_Task directions_: What is needed is an exact reproduction of the listing, without its pictures.

_Material provided_:
· · · · ·

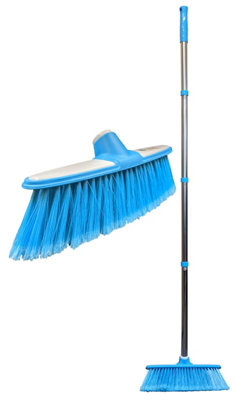 Long handled Soft Indoor Sweeping Brush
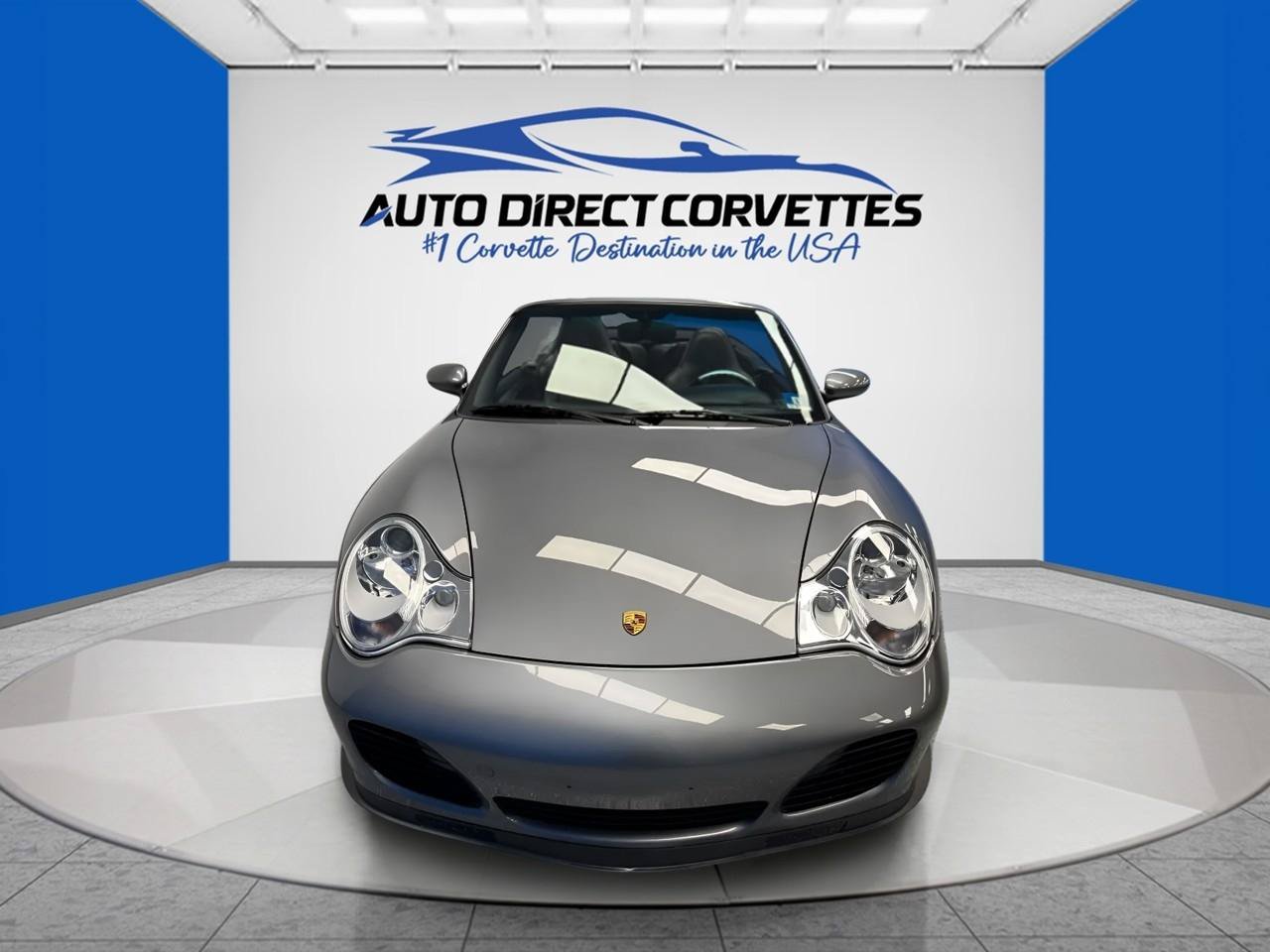 Used 2004 Porsche 911 Turbo AWD/4WD image 2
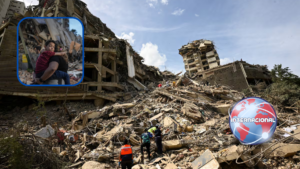 Dos potentes terremotos sacuden Venezuela y dejan al menos 164 muertos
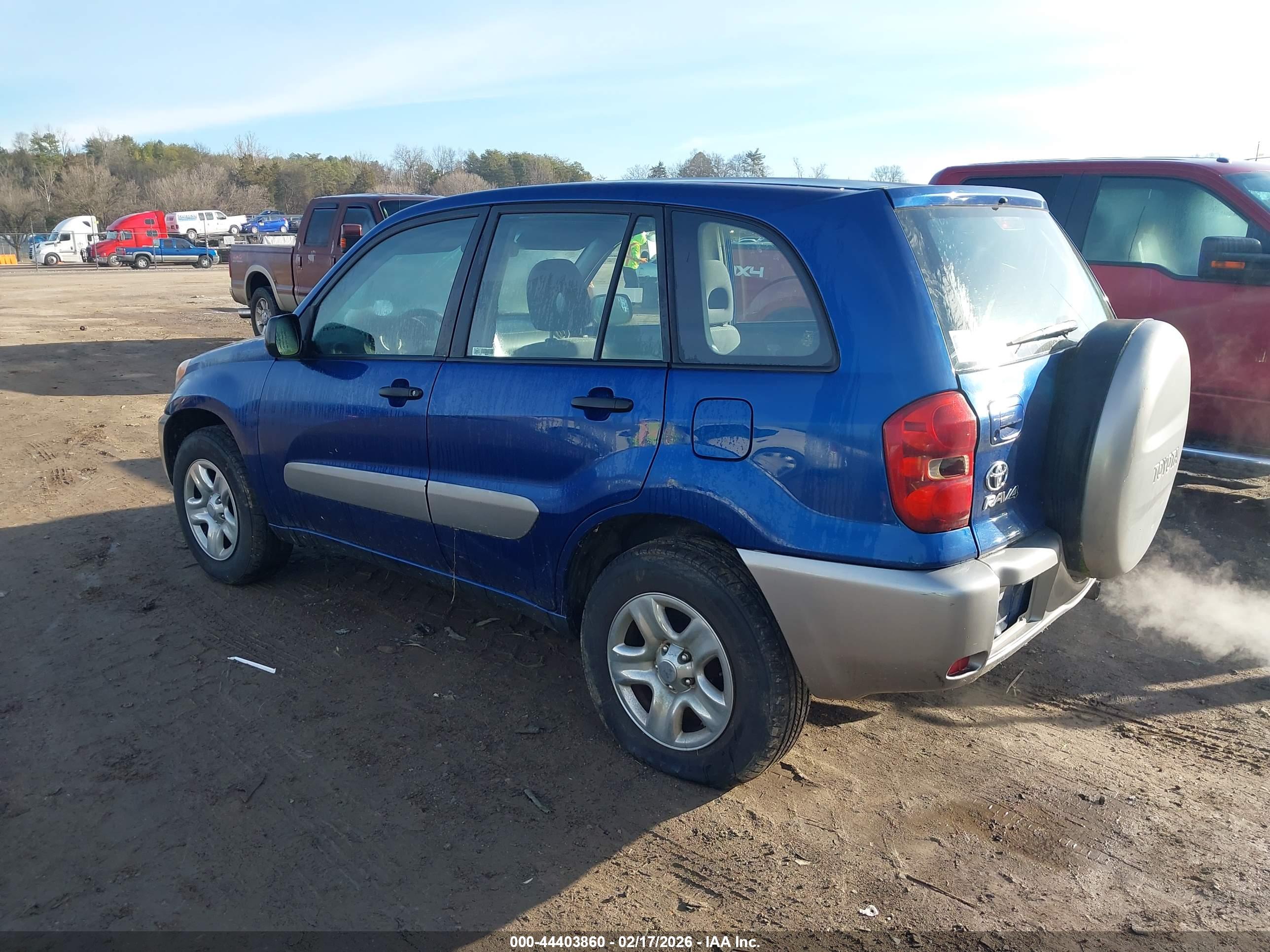 TOYOTA RAV4 image 3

· · · · ·

_Solution for this problem_:
 Long handled Soft Indoor Sweeping Brush
 Used 2004 Porsche 911 Turbo AWD/4WD image 2
 Dos potentes terremotos sacuden Venezuela y dejan al menos 164 muertos
 TOYOTA RAV4 image 3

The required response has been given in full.